Has Einstein’s Theory of Special Relativity actually been refuted? Just last week, an international collaboration of physicists at the European Organization for Nuclear Research, CERN, dared to find out.

A time interval on the scale of trillionths of a second is all that’s needed to make or break the underlying basis of modern physics. The CERN physicists clocked subatomic particles, known as neutrinos, journeying a distance of 454 miles from an underground laboratory in Geneva, Switzerland to one in Gran Sasso, Italy 60 nanoseconds faster than the cosmic speed limit postulated by Einstein in 1905 – about 300 million meters per second.

Dario Autiero of the Institut de Phisique Nucléaire de Lyon in France told CERN physicists, “We cannot explain the observed effect in terms of systematic uncertainties … Therefore, the measurement indicates a neutrino velocity higher than the speed of light.”

Dr. Azzam Elayan, chemistry professor at Monmouth, said, “It may be possible for a neutrino, or any mass, to travel at a speed greater than the speed of light if and only if it is first converted, perhaps temporarily, to a type of particle that is lighter than a photon. This is especially difficult since a photon has no ‘rest mass.’”

Dr. Autiero’s experiment, known collectively as the Oscillation Project with Emulsion-Tracking Apparatus (Opera) consists of a team of 160 physicists from 11 countries based in the Gran Sasso laboratory.

According to The New York Times website, the Opera experiment begins inside a tank of hydrogen gas at a CERN building.

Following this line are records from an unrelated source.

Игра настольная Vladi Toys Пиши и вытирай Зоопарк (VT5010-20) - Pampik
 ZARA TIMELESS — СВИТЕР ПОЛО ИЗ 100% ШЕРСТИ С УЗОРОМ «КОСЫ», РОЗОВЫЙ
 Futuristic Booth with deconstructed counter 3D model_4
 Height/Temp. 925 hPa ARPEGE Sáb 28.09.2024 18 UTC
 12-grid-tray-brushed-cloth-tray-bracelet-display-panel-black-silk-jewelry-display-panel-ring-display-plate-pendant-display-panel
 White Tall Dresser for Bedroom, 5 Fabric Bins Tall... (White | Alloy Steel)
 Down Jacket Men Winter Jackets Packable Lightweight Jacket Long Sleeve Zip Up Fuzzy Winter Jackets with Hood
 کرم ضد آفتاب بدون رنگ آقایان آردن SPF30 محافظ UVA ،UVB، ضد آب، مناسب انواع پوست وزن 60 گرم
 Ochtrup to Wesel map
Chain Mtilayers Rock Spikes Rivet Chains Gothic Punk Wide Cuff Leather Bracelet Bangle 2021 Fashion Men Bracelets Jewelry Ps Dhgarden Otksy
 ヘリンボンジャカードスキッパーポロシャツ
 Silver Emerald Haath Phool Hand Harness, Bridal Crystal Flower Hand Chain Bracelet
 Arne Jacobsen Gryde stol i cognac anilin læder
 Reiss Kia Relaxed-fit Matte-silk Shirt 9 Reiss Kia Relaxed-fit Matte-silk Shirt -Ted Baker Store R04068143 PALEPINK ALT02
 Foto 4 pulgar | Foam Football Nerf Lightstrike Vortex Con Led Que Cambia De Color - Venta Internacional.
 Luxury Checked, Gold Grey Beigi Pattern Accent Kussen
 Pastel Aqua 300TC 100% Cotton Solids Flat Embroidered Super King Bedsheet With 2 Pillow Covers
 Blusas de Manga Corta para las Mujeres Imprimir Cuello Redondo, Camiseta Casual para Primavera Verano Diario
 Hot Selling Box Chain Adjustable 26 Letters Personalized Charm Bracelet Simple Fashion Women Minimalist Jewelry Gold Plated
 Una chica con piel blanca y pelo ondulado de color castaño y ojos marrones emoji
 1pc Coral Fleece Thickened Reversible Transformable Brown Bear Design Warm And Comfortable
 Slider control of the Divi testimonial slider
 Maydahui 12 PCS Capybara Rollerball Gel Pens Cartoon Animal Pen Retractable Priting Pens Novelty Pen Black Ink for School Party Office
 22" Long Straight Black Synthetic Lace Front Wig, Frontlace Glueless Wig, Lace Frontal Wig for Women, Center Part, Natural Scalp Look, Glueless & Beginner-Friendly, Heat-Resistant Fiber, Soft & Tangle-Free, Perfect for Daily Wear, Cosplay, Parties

The hydrogen atoms become oxidized (with the loss of their electrons), resulting in lone protons that get bolted through a network of underground particle accelerators – eventually ending up in the Large Hadron Collider (LHC), the largest and most expensive particle accelerator on the planet.

The LHC then blasts the protons at super-high velocities and slams them in pulses ten microseconds apiece into a graphite tablet, where the protons actually produce a pulse of lesser particles known as mesons.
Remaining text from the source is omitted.